El alba se acercaba, podía sentir la luz del sol filtrándose a través de
sus párpados. Quiso abrir los ojos, pero el esfuerzo resultó demasiado; se
sentía cansado, adolorido, como si los interminables vagones de algún tren le
hubieran pasado por encima durante horas. Su garganta ardía y el interior de su
boca guardaba un desagradable sabor a sangre seca. Trató de levantarse,
moverse, lo que fuera… Pero no pudo, parecía que toda la gravedad del mundo
estaba sobre su cuerpo y le impedía cualquier tipo de acción… Hubo ruidos cerca
de él: pisadas para ser precisos. ¿Qué demonios estaba pasando? Chūya trató de
moverse otra vez, todos sus sentidos le gritaban que huyera.
Rápido.
Ya.
Pudo abrir la boca y jadeó. De repente no sólo era consciente de que
algo, alguien, lo observaba fijamente. El ambiente olía a sangre, a
quemado. A muerte. Y su vigilante agregaba un toque de instinto asesino a la ya
perturbadora combinación. Volvió a concentrarse, pero lo único que logró fue
que sus dedos apenas se curvaran y maldijo. Maldijo tan alto en su cabeza
porque joder, Nakahara Chūya era un maldito ejecutivo de la Mafia Portuaria, no
un bebito tirado en los restos de una catástrofe ubicada en quién sabe dónde,
que no se podía defender.

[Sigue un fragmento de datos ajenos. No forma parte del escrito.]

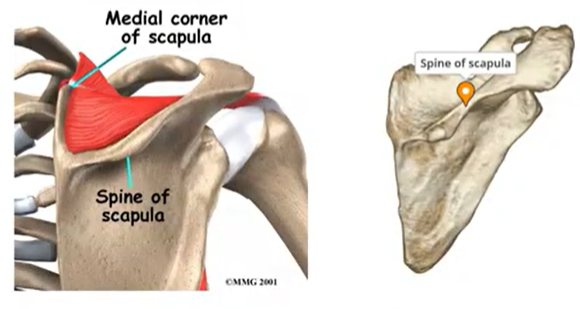 <p>spine</p>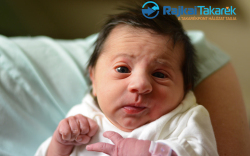 Egri Szófia, Dunasziget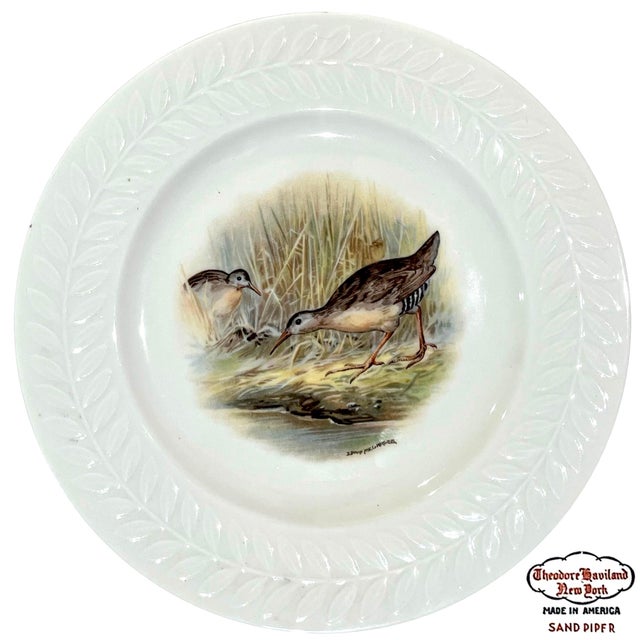 White Vintage Theodore Haviland Porcelain Game Bird Plates by Edwin Megargee - Set of Six For Sale - Image 8 of 14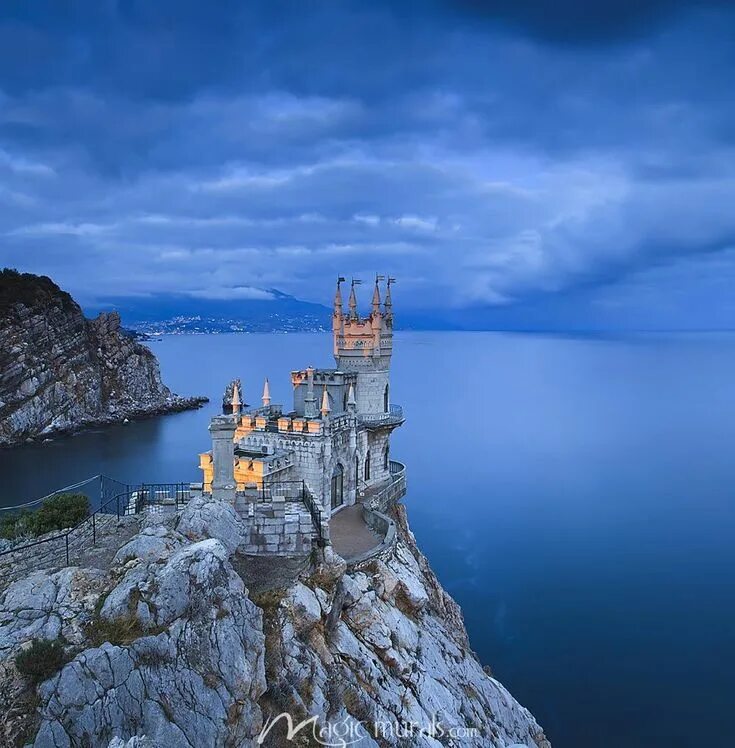 Swallows nest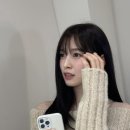 다린디자인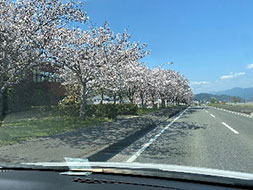 ドライブ　桜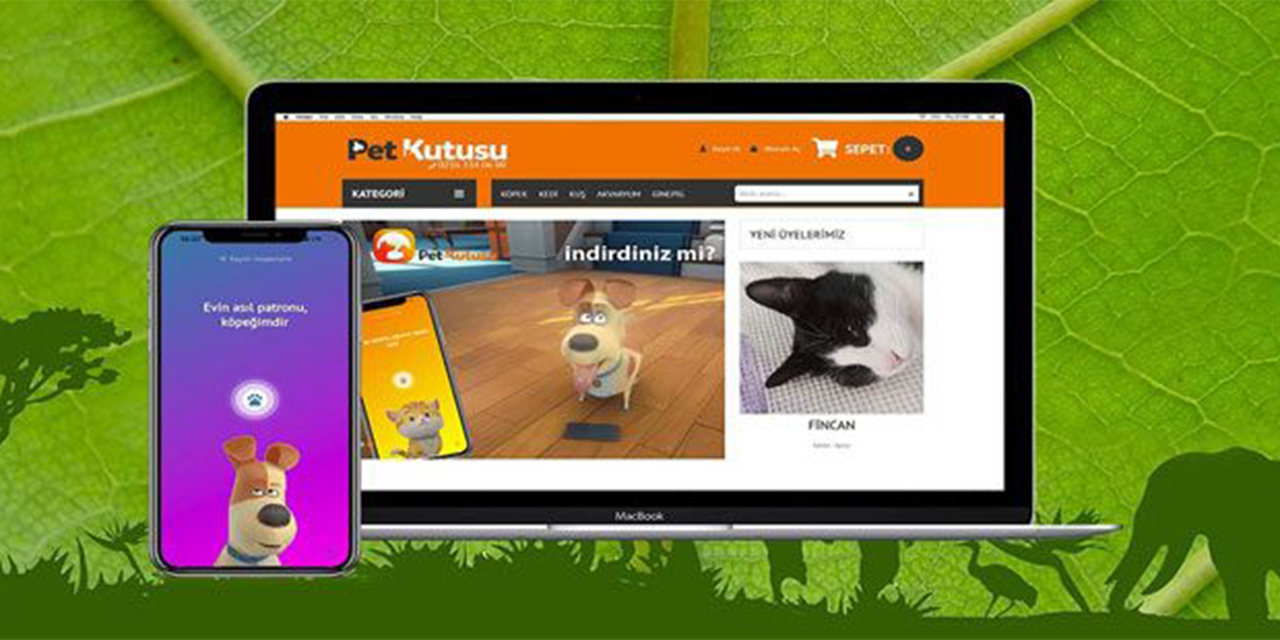 Tasma: Kediler ve köpekler için güvenli ve konforlu bir deneyim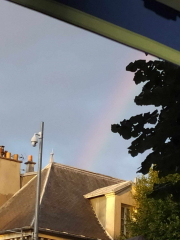 459323271_799725142083666_3007837389909548247_n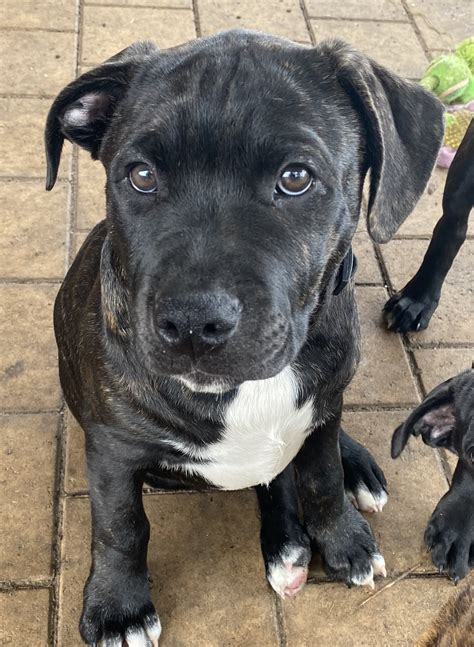 Staffordshire Bull Terrier Thornlie Petsforhomes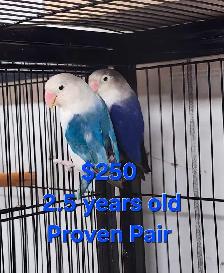 4 DAY SALE  LOVEBIRD PAIRS & SINGLES - Photo 3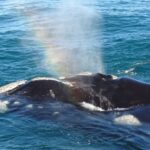 Hermanus: Boat Based Whale Watching Experience - Who Will Love This Tour?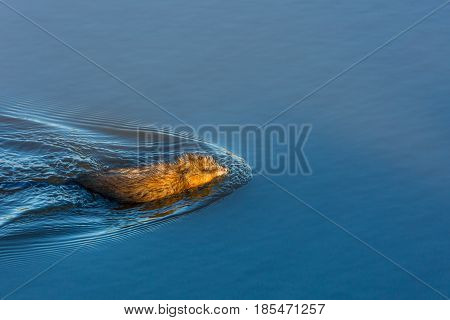 Muskrat (Ondatra zibethicus) swimming in Lake Wausau in springtime
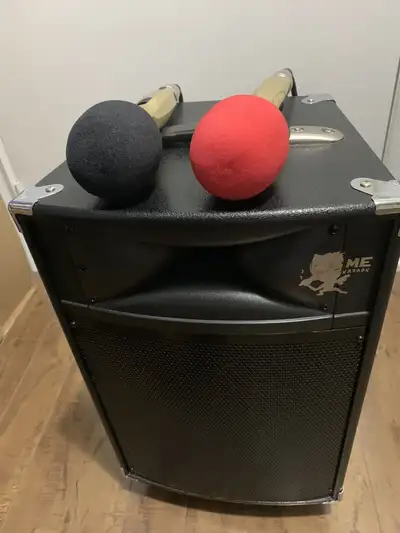 Portable Karaoke Amplifier/Speaker 300 watts rms for $180, View more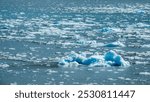 Many chunks of ice calved from the tidewater terminus of Margerie Glacier (off camera) and floating nearby in Glacier Bay National Park and Preserve, southeast Alaska. Environmental background.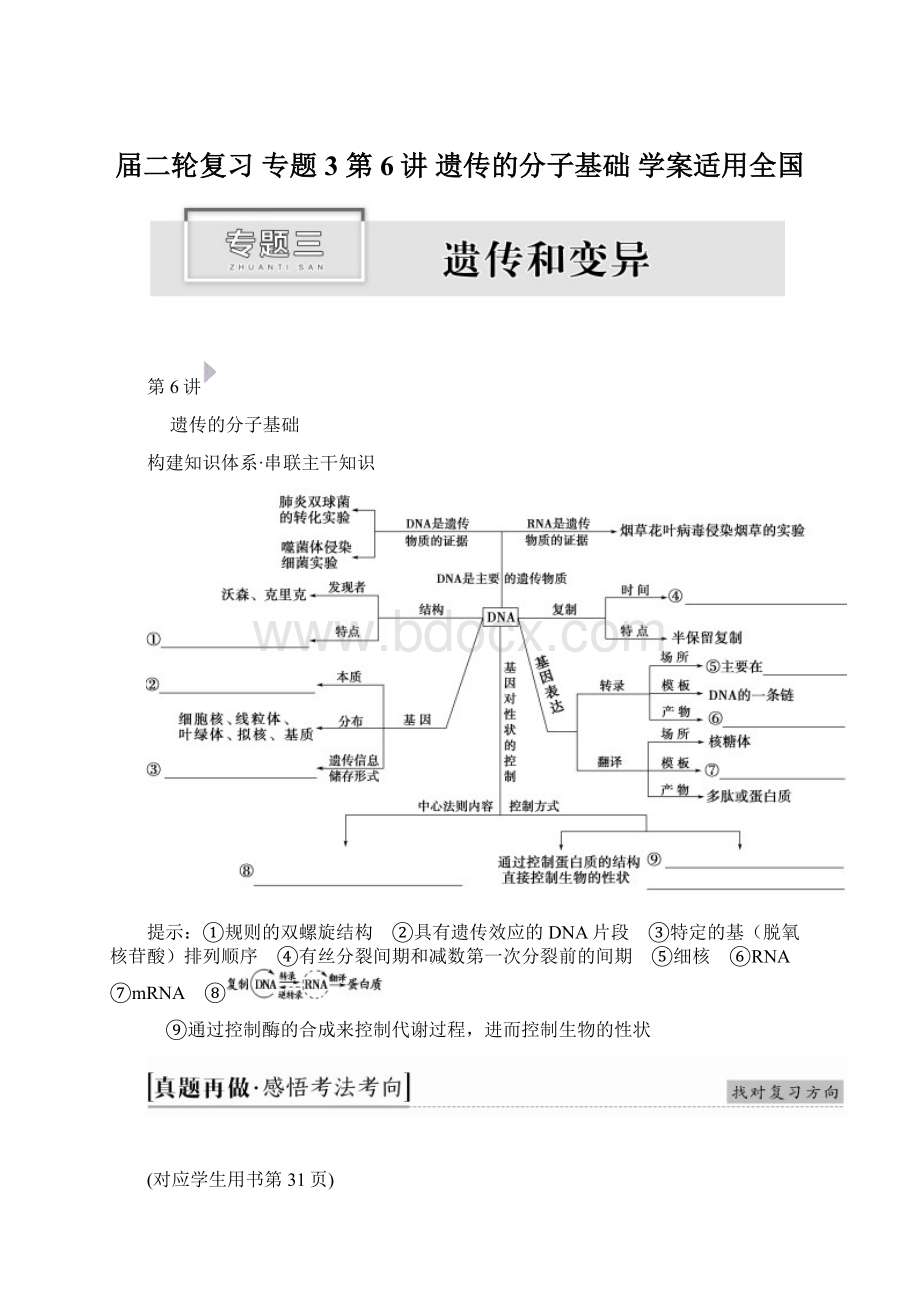 届二轮复习 专题3 第6讲 遗传的分子基础 学案适用全国.docx_第1页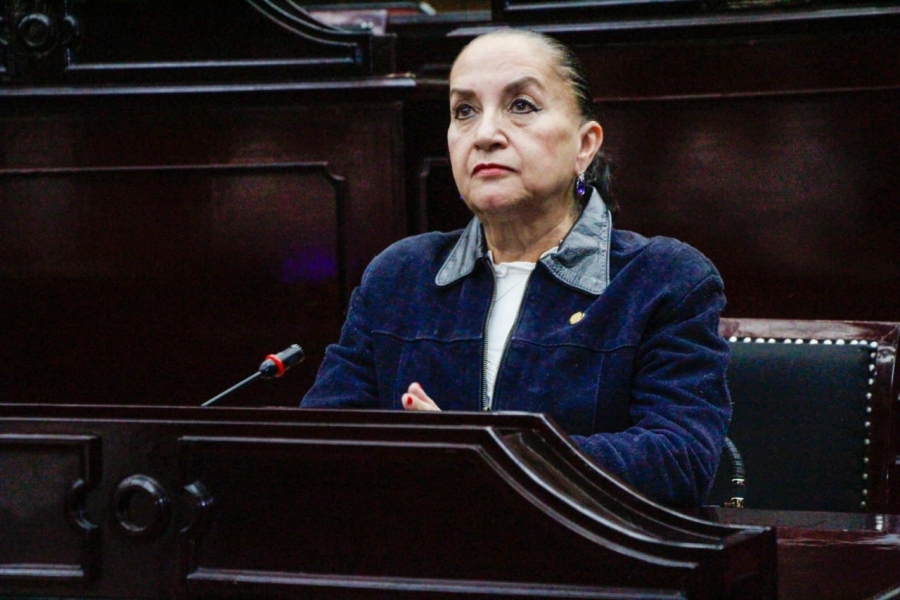 Legislación debe fortalecerse para combatir el nepotismo en la función pública: Julieta Gallardo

Abruptamente, las pisadas se detuvieron y una brisa
de aire caliente le golpeó la cara:
—Estás vivo… —La voz no resultaba conocida, pero definitivamente era
masculina. Clara y vibrante, sonaba sorprendida y quizás… ilusionada.
Lo siguiente fue sentir la mano del extraño acariciando su cabeza y Dios, quiso
apartarlo de un manotazo, ¡nadie podía tocarlo así, sin más! Para su
consternación, inmediatamente después su cuerpo se elevó y la cercanía de un
calor ajeno le nubló totalmente los sentidos.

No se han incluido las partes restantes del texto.